Elizabeth Santospago is ninety-two years old. She is mother to five, grandmother to eleven, great-grandmother to nineteen. She’s been living with my mom, brother, and his family for years– four generations under one roof! and has always enjoyed a special place in the household, literally and figuratively: in her reclining chair in the living room, usually with one or two kids and maybe a cat on her lap, cartoons or the Red Sox playing on TV.
On Wednesday, June 6th, she didn’t come downstairs for breakfast, so my mom went up to check on her. She was awake, in bed, but unable to speak or move. She apparently had had an arrhythmia, and suffered a large stroke (a classic presentation of an afib-associated CVA, for the healthcare folks out there). After days of monitoring and many tests it became clear: her left arm and leg were permanently paralyzed, and she would never speak, swallow, stand or walk again.
She waxed in and out of awareness, and every time it was explained to her that she had suffered a stroke, her eyes would grow wide. We know her “Betty-isms” and could imagine her saying, each time: “Mercy Honest!” or “Heavens to Mergatroid!” or “Well, I’ll be!”

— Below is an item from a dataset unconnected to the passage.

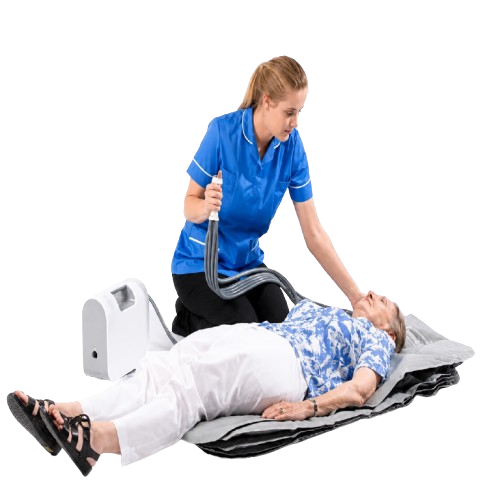 A Caregiver In A Blue Uniform Applies The Winncare Mangar Camel With Airflo 24 To An Elderly Woman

Family gathered, meetings were held, and the merciful decision to transfer her to hospice care was made.
The past week has been waiting, and praying, and telling lots of grandma stories. How she used to bake chocolate chip cookies and oatmeal squares in huge quantities, to give to neighbors and my Uncle Lou’s entire football team. How, as she couldn’t drive, she would walk to the grocery store with a wheeled cart every week, and her kids loved to walk with her. And so many more…
Right now, it’s waiting, and praying, and telling more stories.